⟨
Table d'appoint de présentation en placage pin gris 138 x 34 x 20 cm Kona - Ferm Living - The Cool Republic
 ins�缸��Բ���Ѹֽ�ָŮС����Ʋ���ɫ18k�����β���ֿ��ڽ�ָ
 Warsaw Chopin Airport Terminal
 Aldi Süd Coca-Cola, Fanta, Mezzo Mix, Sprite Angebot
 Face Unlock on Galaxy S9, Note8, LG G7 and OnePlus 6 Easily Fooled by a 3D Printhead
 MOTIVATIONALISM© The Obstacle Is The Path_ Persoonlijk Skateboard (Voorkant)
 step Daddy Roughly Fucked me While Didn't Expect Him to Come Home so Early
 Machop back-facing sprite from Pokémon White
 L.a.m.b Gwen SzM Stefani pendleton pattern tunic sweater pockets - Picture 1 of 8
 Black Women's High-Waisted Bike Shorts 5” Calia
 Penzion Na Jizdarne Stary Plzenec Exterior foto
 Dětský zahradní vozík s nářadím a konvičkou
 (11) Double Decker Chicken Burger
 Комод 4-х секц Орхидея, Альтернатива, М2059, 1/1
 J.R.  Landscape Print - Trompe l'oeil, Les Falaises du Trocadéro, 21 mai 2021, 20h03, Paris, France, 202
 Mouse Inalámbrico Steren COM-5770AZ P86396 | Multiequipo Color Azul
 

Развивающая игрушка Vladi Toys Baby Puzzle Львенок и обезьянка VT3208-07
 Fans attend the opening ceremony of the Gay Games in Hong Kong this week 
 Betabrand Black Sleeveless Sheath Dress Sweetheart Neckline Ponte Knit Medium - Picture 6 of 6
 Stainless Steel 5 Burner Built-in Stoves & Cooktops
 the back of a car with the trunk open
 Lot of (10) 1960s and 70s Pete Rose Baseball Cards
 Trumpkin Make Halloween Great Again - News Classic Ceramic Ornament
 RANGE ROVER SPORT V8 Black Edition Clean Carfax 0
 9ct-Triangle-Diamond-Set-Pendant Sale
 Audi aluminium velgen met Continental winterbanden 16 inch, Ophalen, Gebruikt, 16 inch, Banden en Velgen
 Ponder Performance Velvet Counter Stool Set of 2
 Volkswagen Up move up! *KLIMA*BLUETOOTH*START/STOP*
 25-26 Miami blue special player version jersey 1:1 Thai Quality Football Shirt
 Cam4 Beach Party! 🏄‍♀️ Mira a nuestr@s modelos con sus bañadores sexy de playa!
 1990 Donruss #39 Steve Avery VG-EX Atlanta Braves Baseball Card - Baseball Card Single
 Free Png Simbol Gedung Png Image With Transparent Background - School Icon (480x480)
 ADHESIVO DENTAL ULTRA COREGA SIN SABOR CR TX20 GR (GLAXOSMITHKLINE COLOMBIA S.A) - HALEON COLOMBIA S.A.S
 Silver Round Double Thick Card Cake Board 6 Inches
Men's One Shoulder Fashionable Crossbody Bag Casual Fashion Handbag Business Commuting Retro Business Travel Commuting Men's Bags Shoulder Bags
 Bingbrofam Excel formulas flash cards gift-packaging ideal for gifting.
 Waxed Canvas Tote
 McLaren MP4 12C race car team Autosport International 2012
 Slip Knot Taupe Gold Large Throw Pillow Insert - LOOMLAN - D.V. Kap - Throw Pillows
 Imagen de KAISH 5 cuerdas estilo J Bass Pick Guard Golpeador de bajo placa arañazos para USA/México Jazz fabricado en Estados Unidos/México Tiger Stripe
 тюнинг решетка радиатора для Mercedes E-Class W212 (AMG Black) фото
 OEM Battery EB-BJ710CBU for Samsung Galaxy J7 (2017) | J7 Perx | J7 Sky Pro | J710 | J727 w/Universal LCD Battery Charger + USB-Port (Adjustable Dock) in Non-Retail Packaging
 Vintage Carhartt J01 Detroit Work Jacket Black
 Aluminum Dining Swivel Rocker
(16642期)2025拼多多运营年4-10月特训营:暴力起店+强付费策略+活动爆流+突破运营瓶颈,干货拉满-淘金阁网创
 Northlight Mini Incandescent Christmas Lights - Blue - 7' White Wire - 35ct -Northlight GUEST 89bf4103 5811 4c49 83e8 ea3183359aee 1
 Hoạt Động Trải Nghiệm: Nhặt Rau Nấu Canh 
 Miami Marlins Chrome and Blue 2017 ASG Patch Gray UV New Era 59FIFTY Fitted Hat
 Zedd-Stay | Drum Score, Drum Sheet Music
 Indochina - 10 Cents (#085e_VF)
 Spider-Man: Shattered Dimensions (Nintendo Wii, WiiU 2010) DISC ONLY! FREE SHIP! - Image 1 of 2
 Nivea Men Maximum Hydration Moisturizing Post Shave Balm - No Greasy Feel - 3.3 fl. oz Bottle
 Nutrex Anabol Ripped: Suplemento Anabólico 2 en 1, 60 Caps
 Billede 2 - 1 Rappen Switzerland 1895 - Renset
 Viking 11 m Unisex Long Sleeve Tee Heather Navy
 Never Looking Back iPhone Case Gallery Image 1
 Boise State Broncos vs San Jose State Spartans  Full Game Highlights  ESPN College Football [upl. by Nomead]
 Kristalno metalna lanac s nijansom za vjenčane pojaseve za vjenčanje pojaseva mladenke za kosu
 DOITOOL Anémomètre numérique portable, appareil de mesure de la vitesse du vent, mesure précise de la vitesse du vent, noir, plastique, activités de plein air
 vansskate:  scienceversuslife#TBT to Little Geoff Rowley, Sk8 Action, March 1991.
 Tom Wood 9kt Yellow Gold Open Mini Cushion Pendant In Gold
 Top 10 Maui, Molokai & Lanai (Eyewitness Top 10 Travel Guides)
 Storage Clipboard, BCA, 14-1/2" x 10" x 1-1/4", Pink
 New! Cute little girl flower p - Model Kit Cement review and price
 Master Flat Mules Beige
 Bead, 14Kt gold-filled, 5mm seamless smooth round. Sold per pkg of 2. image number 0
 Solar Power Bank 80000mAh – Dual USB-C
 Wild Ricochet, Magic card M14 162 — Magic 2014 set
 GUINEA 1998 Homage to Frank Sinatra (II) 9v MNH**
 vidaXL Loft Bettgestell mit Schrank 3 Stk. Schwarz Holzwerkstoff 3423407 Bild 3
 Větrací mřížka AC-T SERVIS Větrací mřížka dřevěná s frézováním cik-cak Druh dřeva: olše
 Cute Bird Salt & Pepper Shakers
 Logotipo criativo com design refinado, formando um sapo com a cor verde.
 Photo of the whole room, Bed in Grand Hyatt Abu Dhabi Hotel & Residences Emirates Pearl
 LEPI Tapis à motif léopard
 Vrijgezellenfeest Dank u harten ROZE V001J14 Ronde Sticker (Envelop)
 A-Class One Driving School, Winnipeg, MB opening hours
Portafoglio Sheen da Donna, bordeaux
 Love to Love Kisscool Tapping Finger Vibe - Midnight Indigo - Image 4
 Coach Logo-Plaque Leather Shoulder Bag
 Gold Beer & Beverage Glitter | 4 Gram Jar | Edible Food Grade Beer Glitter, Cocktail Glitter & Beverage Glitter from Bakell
⟩
# Goal of the exercise:
Go back to the listing above. Copy word for word the lines from the one with "Boise State Broncos" through the one with "vidaXL Loft Bettgestell", and nothing more.

# Answer:
 Boise State Broncos vs San Jose State Spartans  Full Game Highlights  ESPN College Football [upl. by Nomead]
 Kristalno metalna lanac s nijansom za vjenčane pojaseve za vjenčanje pojaseva mladenke za kosu
 DOITOOL Anémomètre numérique portable, appareil de mesure de la vitesse du vent, mesure précise de la vitesse du vent, noir, plastique, activités de plein air
 vansskate:  scienceversuslife#TBT to Little Geoff Rowley, Sk8 Action, March 1991.
 Tom Wood 9kt Yellow Gold Open Mini Cushion Pendant In Gold
 Top 10 Maui, Molokai & Lanai (Eyewitness Top 10 Travel Guides)
 Storage Clipboard, BCA, 14-1/2" x 10" x 1-1/4", Pink
 New! Cute little girl flower p - Model Kit Cement review and price
 Master Flat Mules Beige
 Bead, 14Kt gold-filled, 5mm seamless smooth round. Sold per pkg of 2. image number 0
 Solar Power Bank 80000mAh – Dual USB-C
 Wild Ricochet, Magic card M14 162 — Magic 2014 set
 GUINEA 1998 Homage to Frank Sinatra (II) 9v MNH**
 vidaXL Loft Bettgestell mit Schrank 3 Stk. Schwarz Holzwerkstoff 3423407 Bild 3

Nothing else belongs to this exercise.